Below are the records; give again exactly the lines from the one containing "程序图标：Squid Doll Prank Video Ca…" through the one containing "Килимки автомобільні в", leaving out pictures.

(Data for review Opens)

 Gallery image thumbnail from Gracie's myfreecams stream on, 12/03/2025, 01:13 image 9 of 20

(Data for review Closes)
(Data for review Opens)

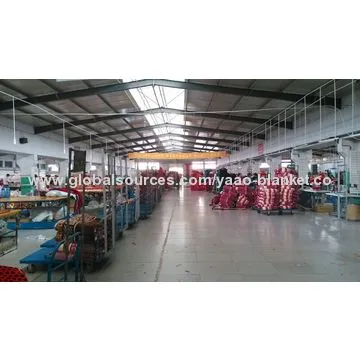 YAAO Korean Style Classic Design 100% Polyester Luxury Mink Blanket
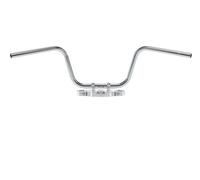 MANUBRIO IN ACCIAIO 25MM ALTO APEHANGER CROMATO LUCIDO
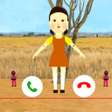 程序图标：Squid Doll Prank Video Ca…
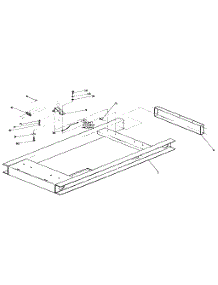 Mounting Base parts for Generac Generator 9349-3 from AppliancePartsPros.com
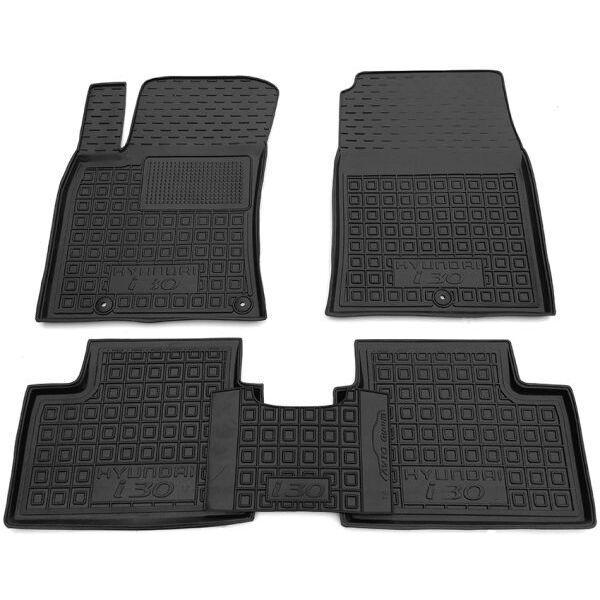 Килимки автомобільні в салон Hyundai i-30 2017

(Data for review Closes)

## Written answer
 程序图标：Squid Doll Prank Video Ca…
 Mounting Base parts for Generac Generator 9349-3 from AppliancePartsPros.com
 Килимки автомобільні в салон Hyundai i-30 2017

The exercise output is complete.